Start of Block
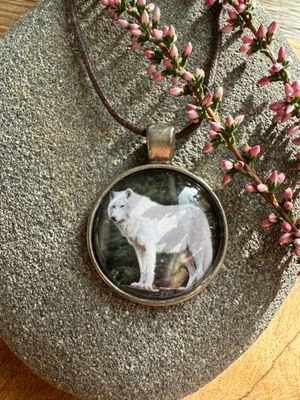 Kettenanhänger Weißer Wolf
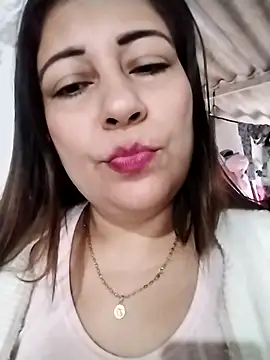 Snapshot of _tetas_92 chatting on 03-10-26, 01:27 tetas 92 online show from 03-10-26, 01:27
End of Block
Start of Block
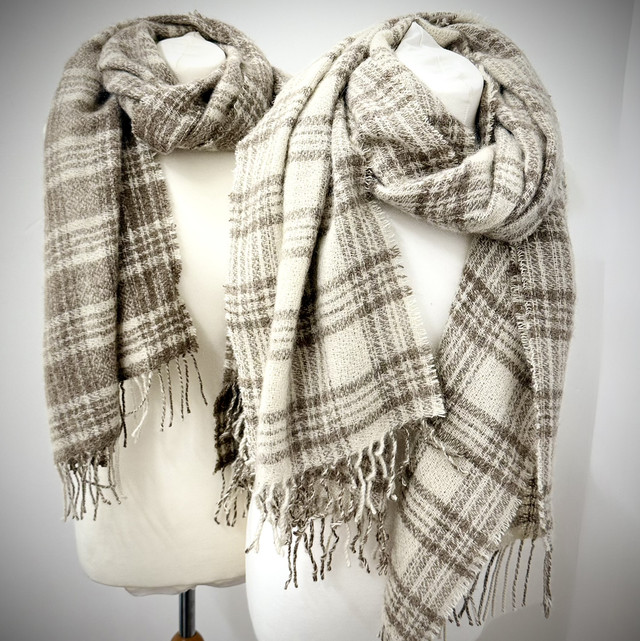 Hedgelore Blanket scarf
End of Block
Task>
Within the listing above, the lines starting at the one containing "Kettenanhänger Weißer Wolf" and ending at the one containing "Snapshot of _tetas_92" are to be returned exactly. Omit the pictures.

Task solution>
 Kettenanhänger Weißer Wolf
 Snapshot of _tetas_92 chatting on 03-10-26, 01:27 tetas 92 online show from 03-10-26, 01:27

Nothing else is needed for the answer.